これで士郎が油断なり慢心をすれば『影』にも勝機があるだろうが、ある意味合わせ鏡にも等しい二人だからこそ分かる。
お互いにそのようなものとは無縁の極まりである事など。
だからこそ耐える。
時が来るまで、あそこに着くまで。
剣軍を次々と影の領域に侵攻させ、宝具を十単位で真名解放し、休ませる事無く次から次へと叩き込み続ける。
第三者から見ればやり過ぎと見えなくもないだろう。
しかし当事者、特に攻めている士郎からしてみればこれでも不足していると肌で感じ取っていた。
士郎自身も信じがたい思いだったが、それでも士郎は自分の直感を信じた。
と言うよりも目の前の敵を信じたと言えるかもしれない。
奇妙な言い回しだが己の直感よりもそれを信じる方がまだ現実的だと感じたからだ。
そんな思考とは裏腹についに剣軍は『影の帝国(シャーテン・ライヒ)』の砦の数々を陥落させ、徐々に少しずつ押しているはず。
なのに不安は消えない。
むしろさらに大きく膨れ上がる。
そして『影』は遂に『影の帝国(シャーテン・ライヒ)』の最深部、影の居城にまで追い込まれた。

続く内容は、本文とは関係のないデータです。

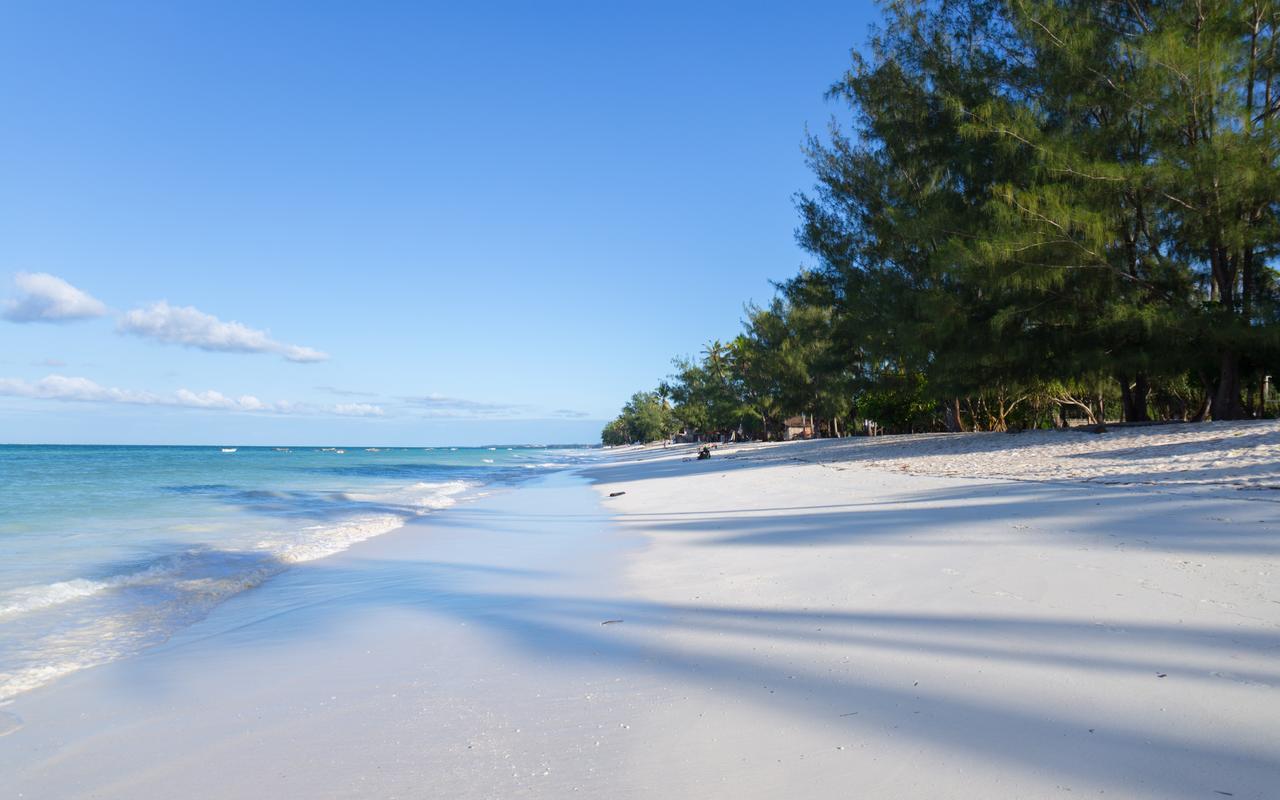 Lazy Beach House Kiwengwa (Zanzibar) Exterior foto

『影』を助けようと砦から影の軍勢が出てこようとするがそれを剣軍が出てくる前に叩き潰して出すことを許さない。
勝負は遂にあったかに思えた。
しかし、士郎ははっきりと見えていた。
この状況下でも尚、笑う『影』の姿を。
『影』が笑う理由、それは追い込まれた場所がここだったからだ。
もしも追い詰められた場所が違っていれば彼は全てを諦めざる負えない筈だった。
彼が真に切り札に頼むもの、それの使用には複数の条件をクリヤする必要があった。
まずは固有世界を展開する事、そして一定時間を展開し続ける事。
最後にこれが一番重要な事であるがこれを展開、さらに使用出来る場所は極めて限られ居城、それも正門の周囲数メートルのポイントだけ。
かつてエミヤとの戦いでも彼は展開するのにさりげなく場所を正門手前まで誘導していた。
だからこそ最後にあれを発動出来た。
全ての条件は既にクリヤしている。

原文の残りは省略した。